Those are the only numbers we need. Everything else is arithmetic.
Electricity is a rounding error
Most “is local cheaper” arguments start with the power bill, so let’s kill that variable first.
Energy per token is just power divided by throughput. At a working midpoint of ~65W and ~25 tokens/sec, that’s about 2.6 joules per token, or roughly 0.7 kWh per million tokens. Across the full 50–100W and 15–40 t/s range, you land somewhere between 0.35 and 1.85 kWh per million tokens.
Now apply real electricity prices. As of Q1 2026, residential rates by region look like this (GlobalPetrolPrices):
| Region | Residential $/kWh | Electricity cost per 1M tokens (~0.7 kWh) |
|---|---|---|
| Asia | $0.085 | ~$0.06 |
| Africa | $0.139 | ~$0.10 |
| North America | $0.148 | ~$0.10 |
| World average | $0.174 | ~$0.12 |
| South America | $0.207 | ~$0.14 |
| Europe | $0.255 | ~$0.18 |
| Oceania | $0.257 | ~$0.18 |
Even in expensive Europe or Oceania, even at the inefficient end of the throughput range, you’re looking at well under $0.50 per million tokens in electricity. For most of the world it’s a dime. The power bill is not why local inference is expensive.
Where the math breaks
The real cost is the $4,299 sitting on your desk, and how few tokens you actually push through it.
Here’s the trap. People imagine “I use it 8 hours a day.” But you don’t generate tokens 8 hours a day. You read, think, type, and sit in meetings. Actual token generation for a heavy individual user is closer to 1–2 hours of wall-clock generation per day.
Run the amortization at ~25 tokens/sec:
| Utilization | Tokens/day | Tokens over 3 years | Hardware cost per 1M tokens |
|---|---|---|---|
| Realistic personal (2 hrs/day generating) | ~0.18M | ~197M | ~$22 |
| Heavy solo dev (6 hrs/day generating) | ~0.54M | ~590M | ~$7 |
| Pinned 24/7 (server-style) | ~2.16M | ~2,365M | ~$1.80 |
Add the electricity (a dime or two) and that’s your true cost per million tokens. Stretch the machine to 5 years instead of 3 and the 24/7 number drops near $1.10/M, but only if you keep it saturated every hour of every day for five years, which no person does with a laptop.
Compare that to cloud. A Gemma-class open model through a routed API sits in the $0.10–$0.50 per million tokens range, generates 2–3x faster (cloud providers hit 60–70 t/s vs. the laptop’s 15–40), and costs $0 upfront. The local machine only reaches cost parity if you run it like a datacenter, and at that point you’ve bought a slow, single-tenant datacenter with a keyboard attached.
When local makes sense
This isn’t an argument against local inference. It’s an argument for buying it for the right reasons:
- Privacy and regulated data. If prompts contain PII, health records, or code you contractually can’t send off-box, local isn’t a cost decision; it’s a compliance requirement, and the math doesn’t matter.

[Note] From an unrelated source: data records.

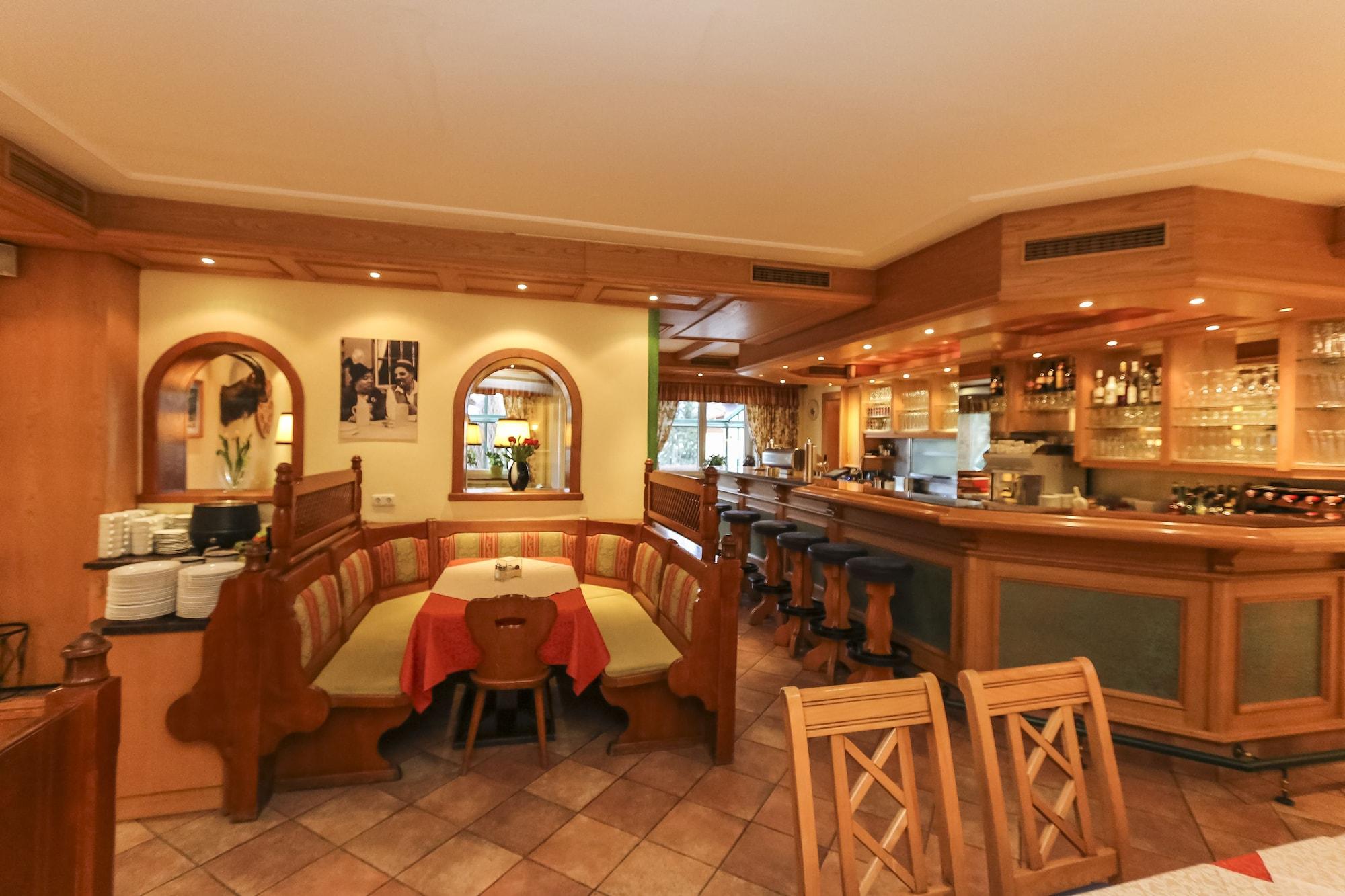 Bar/Salón Alpenhotel Tauernstüberl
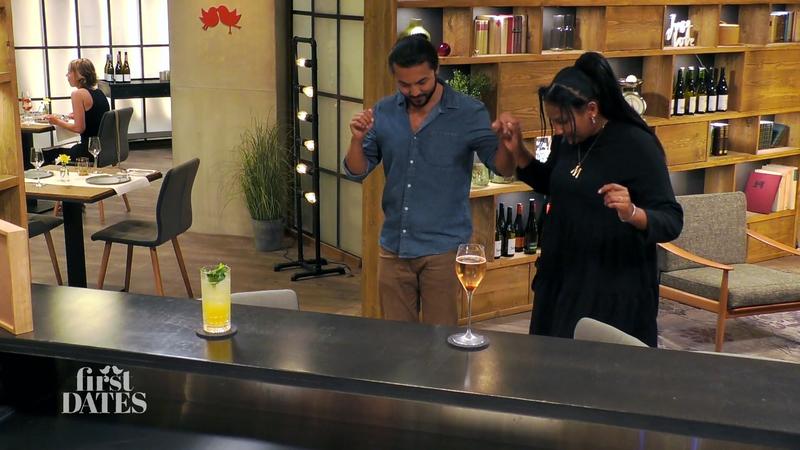 Mariam und Muso wirbeln spontan durchs Restaurant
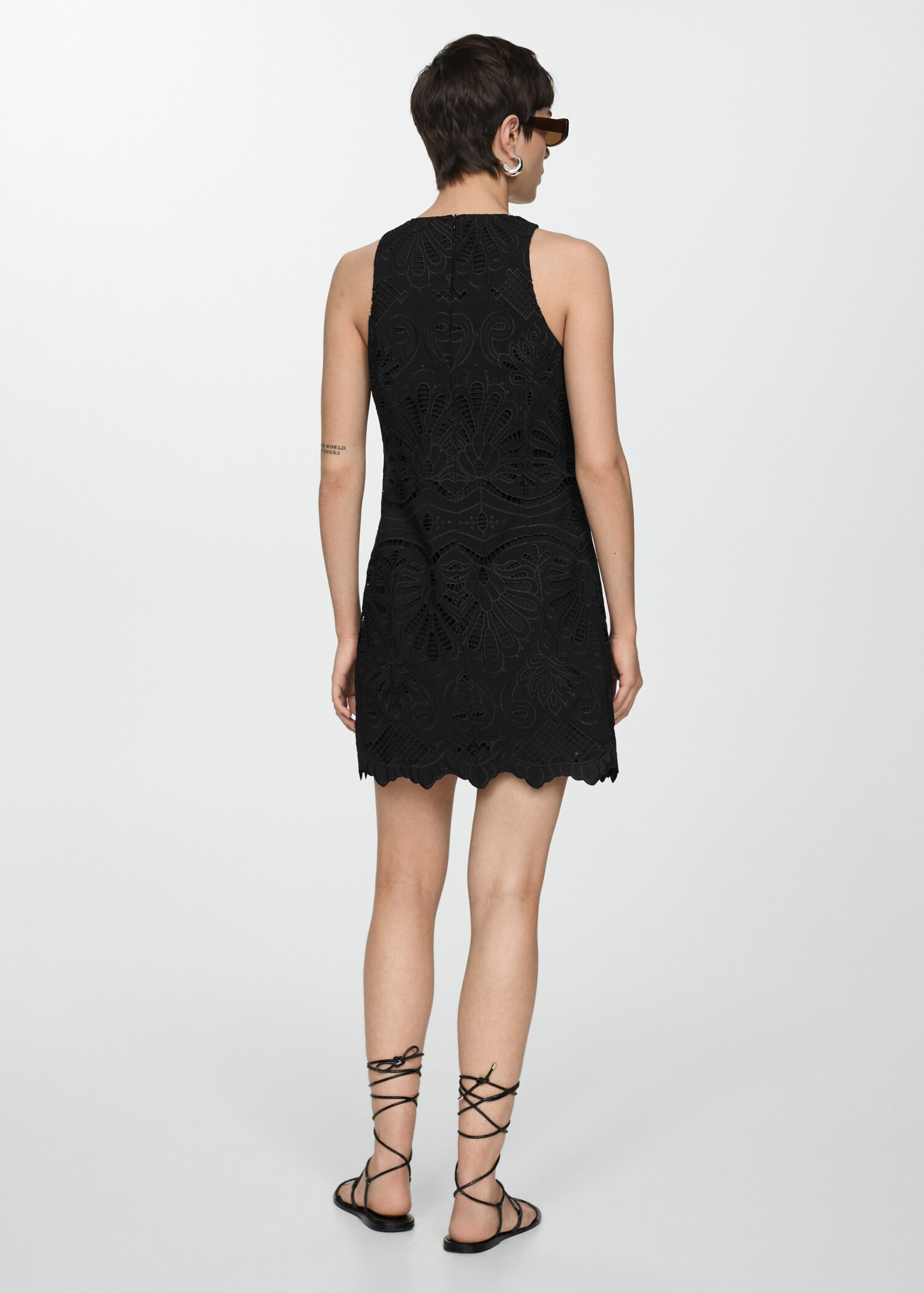 Vestido corto bordado - Reverso del artículo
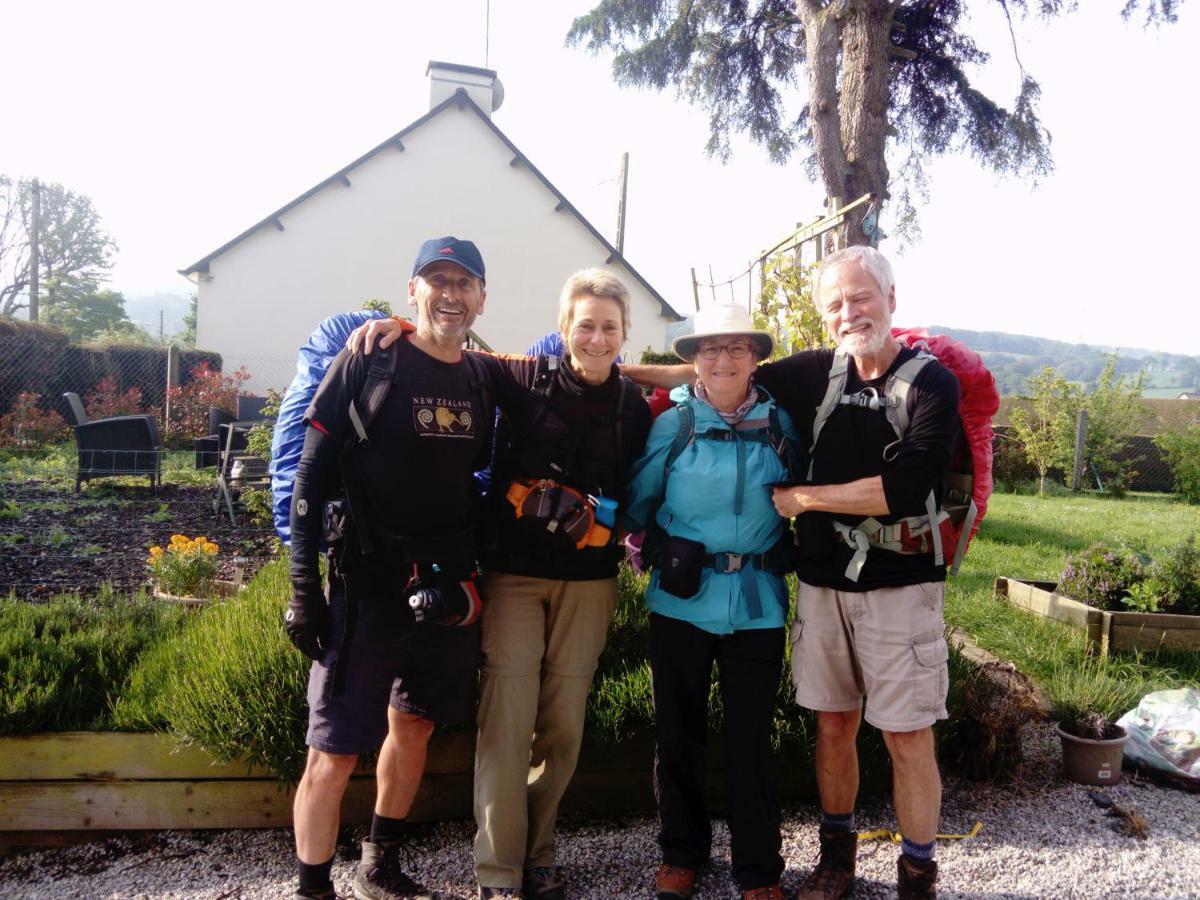 Gouarec Bed & Breakfast Lanrivain Esterno foto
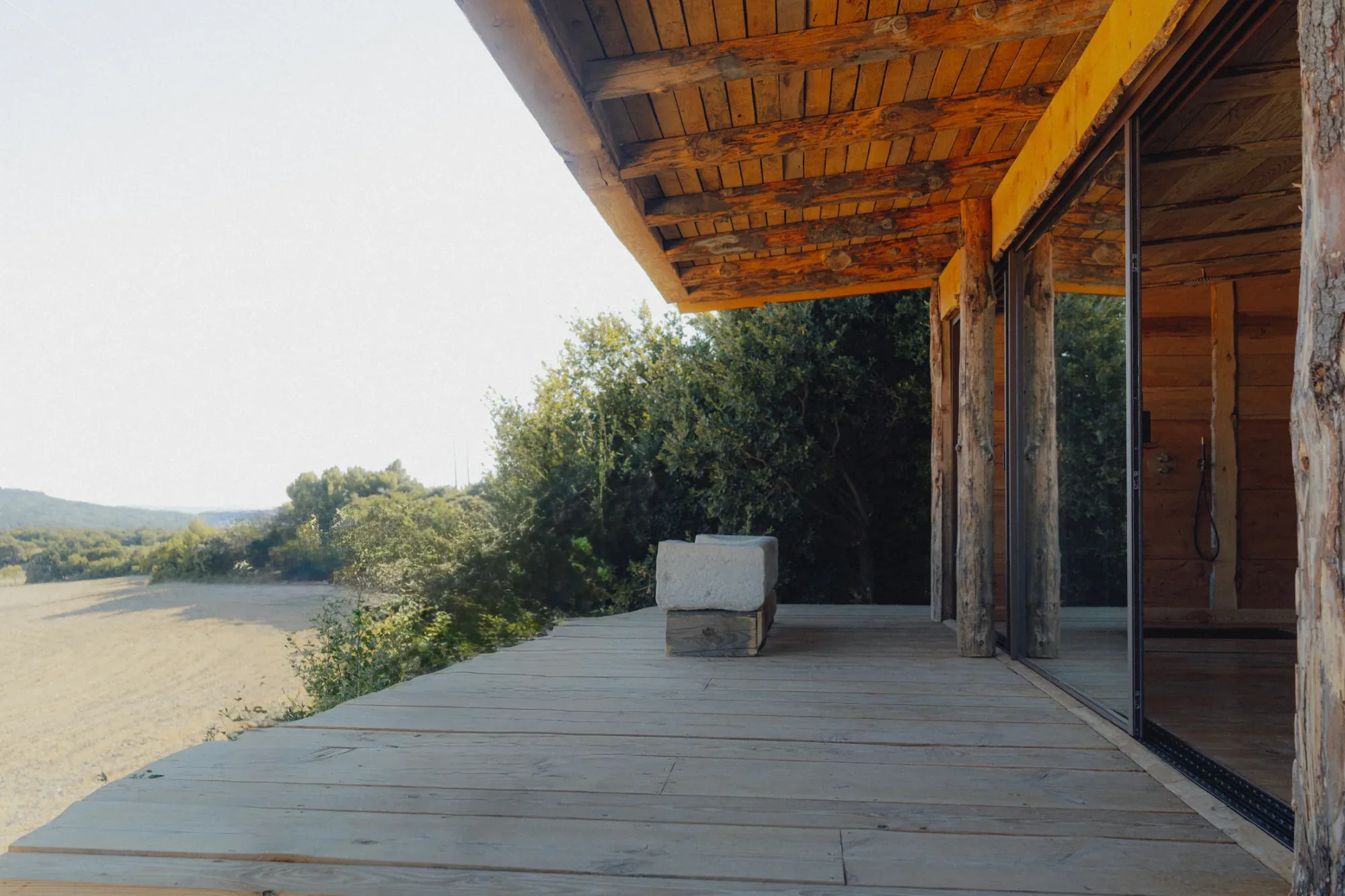 La suite et sa baie ouverte sur le paysage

- Air-gapped or offline work. Planes, ships, field sites, secure facilities. No network means no API, full stop.
- You already own the Mac. This is the big one. If the M5 is a machine you bought to do your job anyway, the hardware is a sunk cost and your marginal price really is ~$0.10–0.20/M in electricity. It’s just slow. For background, latency-insensitive batch work on a machine that would otherwise idle, that’s a great deal.
- Learning and experimentation. No keys, no rate limits, no metered anxiety while you tinker. The freedom to break things cheaply has real value.
When haimaker makes sense
For everything pointed at users or running at scale, a routed cloud setup wins on every axis that isn’t privacy:
- haimaker.ai — compare and access hundreds of models with unified pricing and benchmarks, and use auto-routing so cheap queries hit cheap models and only hard ones touch frontier tiers. No $4,299 capex, no machine to amortize, 2–3x the throughput, and you pay per token instead of per laptop.
- Direct provider APIs — fine if you only ever need one model and want to manage keys and price changes yourself.
- Local on hardware you own — keep this lane for the privacy, offline, and tinkering cases above.
The honest recommendation for most people is hybrid: run the genuinely sensitive or offline work on the Mac you already have, and route everything else (production traffic, agent loops, bursty variable load, the team’s shared usage) through haimaker so you’re never amortizing idle silicon or waiting on a laptop to finish a token stream.
Buy Apple Silicon because you need a great computer and occasionally want private, offline inference. Don’t buy it as a strategy to dodge a cloud bill that, once you do the math, was already smaller than the machine.